* WHAT YOU NEED TO DO
Each line below containing the word "camere" needs to be shown.

* STUDY MATERIAL
□ □ □ □ □ □ □

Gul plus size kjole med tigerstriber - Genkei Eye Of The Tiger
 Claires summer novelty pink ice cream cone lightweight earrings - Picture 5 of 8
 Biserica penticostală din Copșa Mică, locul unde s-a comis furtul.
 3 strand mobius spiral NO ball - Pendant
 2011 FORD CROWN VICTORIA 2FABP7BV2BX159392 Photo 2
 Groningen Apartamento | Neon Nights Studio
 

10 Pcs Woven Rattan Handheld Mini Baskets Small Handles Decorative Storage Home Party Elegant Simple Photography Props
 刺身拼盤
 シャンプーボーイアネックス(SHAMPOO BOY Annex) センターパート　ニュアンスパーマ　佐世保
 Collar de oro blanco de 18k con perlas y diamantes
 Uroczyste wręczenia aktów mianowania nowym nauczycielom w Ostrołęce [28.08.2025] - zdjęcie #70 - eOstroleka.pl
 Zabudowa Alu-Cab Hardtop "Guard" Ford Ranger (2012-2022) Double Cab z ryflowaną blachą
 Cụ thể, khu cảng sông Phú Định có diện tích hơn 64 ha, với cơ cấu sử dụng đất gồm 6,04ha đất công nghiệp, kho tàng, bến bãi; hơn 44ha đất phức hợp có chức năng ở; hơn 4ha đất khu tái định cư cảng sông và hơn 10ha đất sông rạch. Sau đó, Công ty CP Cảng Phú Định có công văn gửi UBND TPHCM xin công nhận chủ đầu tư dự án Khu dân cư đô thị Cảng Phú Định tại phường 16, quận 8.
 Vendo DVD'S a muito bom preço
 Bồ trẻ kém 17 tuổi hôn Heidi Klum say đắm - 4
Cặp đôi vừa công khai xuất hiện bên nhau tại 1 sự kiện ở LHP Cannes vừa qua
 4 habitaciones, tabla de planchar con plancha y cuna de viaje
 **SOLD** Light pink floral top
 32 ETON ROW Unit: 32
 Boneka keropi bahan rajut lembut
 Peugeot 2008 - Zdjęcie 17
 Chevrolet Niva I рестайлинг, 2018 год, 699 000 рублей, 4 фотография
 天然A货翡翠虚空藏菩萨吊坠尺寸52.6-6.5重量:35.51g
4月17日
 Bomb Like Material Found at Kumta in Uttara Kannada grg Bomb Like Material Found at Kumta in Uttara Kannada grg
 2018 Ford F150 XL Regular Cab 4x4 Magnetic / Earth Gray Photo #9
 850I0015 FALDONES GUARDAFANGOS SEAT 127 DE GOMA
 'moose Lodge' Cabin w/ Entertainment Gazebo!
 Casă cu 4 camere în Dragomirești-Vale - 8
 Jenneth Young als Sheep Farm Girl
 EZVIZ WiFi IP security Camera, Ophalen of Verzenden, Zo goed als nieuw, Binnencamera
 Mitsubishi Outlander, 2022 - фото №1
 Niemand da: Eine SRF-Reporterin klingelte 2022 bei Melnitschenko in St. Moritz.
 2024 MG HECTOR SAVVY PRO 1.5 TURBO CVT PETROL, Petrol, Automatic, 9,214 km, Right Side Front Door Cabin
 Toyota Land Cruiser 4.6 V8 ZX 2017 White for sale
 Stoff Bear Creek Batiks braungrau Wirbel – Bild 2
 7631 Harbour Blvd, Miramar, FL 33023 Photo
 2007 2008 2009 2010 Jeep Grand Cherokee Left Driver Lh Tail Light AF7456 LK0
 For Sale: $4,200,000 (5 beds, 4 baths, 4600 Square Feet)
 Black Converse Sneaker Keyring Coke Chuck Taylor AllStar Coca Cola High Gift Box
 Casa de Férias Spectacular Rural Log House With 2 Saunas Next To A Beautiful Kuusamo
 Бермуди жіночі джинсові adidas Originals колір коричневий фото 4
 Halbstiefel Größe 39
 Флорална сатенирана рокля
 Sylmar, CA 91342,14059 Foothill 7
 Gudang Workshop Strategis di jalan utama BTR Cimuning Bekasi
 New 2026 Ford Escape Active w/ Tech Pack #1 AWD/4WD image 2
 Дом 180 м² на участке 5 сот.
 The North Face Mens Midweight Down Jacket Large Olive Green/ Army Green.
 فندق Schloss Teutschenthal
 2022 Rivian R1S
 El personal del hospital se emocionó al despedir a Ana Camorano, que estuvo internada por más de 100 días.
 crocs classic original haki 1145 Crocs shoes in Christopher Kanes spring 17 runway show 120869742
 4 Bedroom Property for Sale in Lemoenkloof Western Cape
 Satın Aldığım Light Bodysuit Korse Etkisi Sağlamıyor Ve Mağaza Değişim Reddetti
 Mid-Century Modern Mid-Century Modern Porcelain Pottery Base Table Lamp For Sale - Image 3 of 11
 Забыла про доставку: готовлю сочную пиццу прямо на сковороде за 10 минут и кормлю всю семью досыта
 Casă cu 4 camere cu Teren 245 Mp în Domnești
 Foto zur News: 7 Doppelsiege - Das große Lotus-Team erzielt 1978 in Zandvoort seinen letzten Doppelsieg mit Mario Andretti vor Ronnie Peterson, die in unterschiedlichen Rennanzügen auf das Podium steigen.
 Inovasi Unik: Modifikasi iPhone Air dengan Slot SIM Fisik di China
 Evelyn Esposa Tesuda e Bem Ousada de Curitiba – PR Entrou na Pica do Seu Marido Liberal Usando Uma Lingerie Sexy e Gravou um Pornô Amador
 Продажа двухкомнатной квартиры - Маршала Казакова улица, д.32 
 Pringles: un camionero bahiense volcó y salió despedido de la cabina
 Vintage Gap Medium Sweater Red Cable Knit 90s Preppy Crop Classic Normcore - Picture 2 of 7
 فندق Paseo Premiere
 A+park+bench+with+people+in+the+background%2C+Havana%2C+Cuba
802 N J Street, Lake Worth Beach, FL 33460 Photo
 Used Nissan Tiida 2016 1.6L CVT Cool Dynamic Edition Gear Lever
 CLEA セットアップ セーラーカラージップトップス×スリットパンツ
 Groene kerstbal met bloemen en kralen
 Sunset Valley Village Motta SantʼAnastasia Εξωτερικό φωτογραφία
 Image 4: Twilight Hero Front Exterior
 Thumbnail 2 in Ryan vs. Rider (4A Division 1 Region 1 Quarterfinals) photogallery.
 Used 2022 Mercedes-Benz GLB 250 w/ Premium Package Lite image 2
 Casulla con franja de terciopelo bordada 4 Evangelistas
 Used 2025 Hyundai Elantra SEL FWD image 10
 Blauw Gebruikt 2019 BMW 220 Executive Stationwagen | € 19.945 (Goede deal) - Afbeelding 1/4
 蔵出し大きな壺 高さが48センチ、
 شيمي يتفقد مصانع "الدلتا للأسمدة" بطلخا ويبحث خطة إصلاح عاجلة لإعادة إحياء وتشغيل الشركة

□ □ □ □ □ □ □

* RESULT FOR THIS TASK
 Casă cu 4 camere în Dragomirești-Vale - 8
 Casă cu 4 camere cu Teren 245 Mp în Domnești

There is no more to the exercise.